At the start of war the laws of June 26th and October 2nd, 1940, forbade a worker to leave his job and punished 15 minutes lateness with six months “corrective labor” – labor in the factory with 25 per cent reduction in pay. They established State Labor Reserves which gave the youth technical training of from six months to two years and then made it obligatory for them to work for the state for four years “at the prescribed rate of wages.”
Yet, after six months of operation of these laws, the Pravda reported that truancies were greater than in the months prior to it. A declaration of martial law on the railroads was passed similar to Truman’s proposal to draft railroad workers in order to prevent their strike in 1946.
In 1943 the conveyor belt system was first introduced. And on the basis of the discipline of the line, there was introduced competition by factories. This meant that Factory Stalin challenges or, more correctly, is ordered to challenge, Factory Molotov. Factory Molotov must take up the challenge “to fulfill and overfulfill” its quarterly plan by ten per cent. All workers in both factories must pitch into this back-breaking state-ordered plan. This is called “socialist emulation.”

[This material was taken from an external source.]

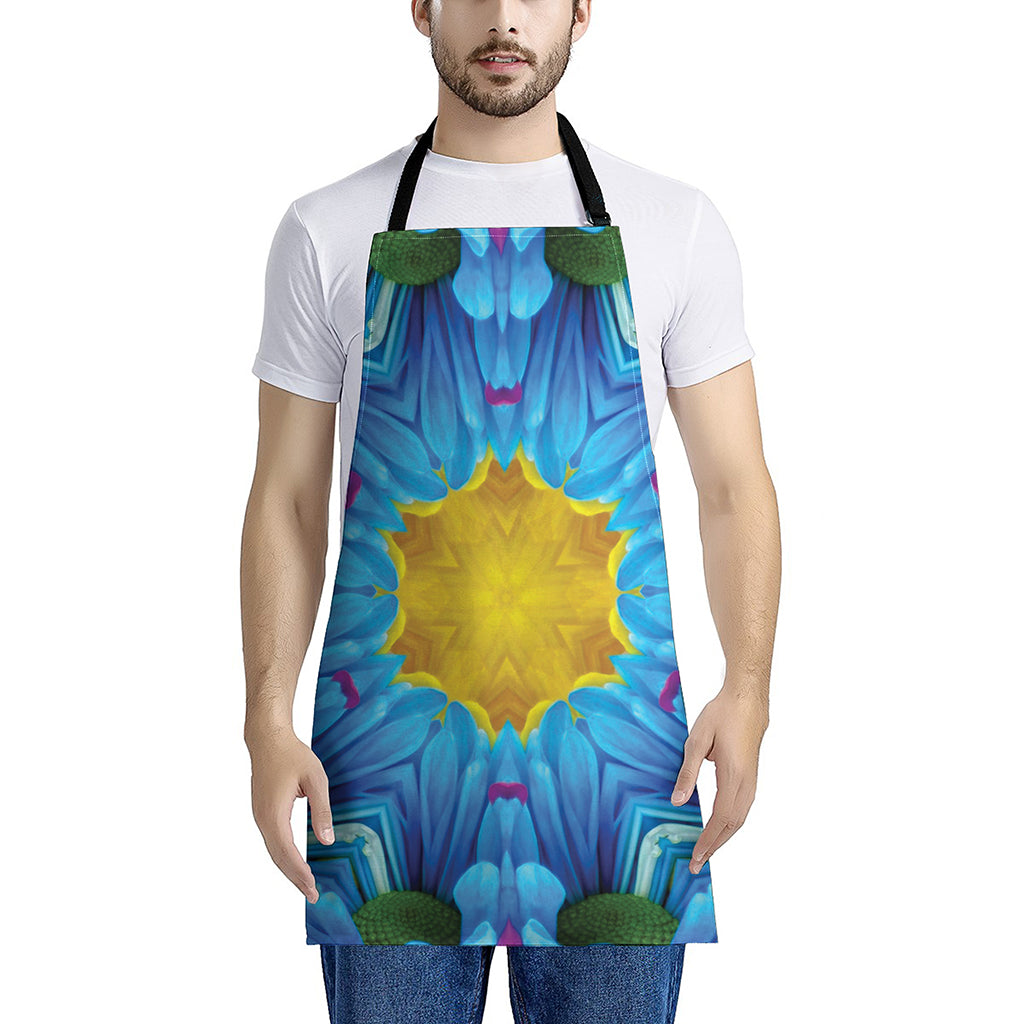 Blue And Pink Flowers Kaleidoscope Print Apron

Day in and day out the Russian worker has fought the mode of labor in the factory. For two solid decades he had been unyielding in his resistance. Had the revolt not been so continuous, the terror would not have been so violent. No one wants to put millions in forced labor camps. The millions in forced labor camps are a true measure of the never-ending resistance of the Russian workers to their oppressors.
It is these Russian workers who, the honorable Senator tells us, are “aloof.” With sure class instinct, he turns from the workers to the “scientists.” Technocrats and capitalists have had their daydreams of push-button factories which would solve the class struggle. None, however, have been more naive than the Senate Foreign Relations Committee and the Russian specialists with weapons” might substitute for mass uprisings. How Malenkov and Co. would love to believe that! But their ivory towers, unlike the Senate’s, are too near the point of production in Russia where day in and day out they must contend, not with mythical scientists of “independent thinking,” but with the very real mass resistance.
1. Wiley was a U.S. Senator from Wisconsin. He died in 1967. [Transcriber’s note.]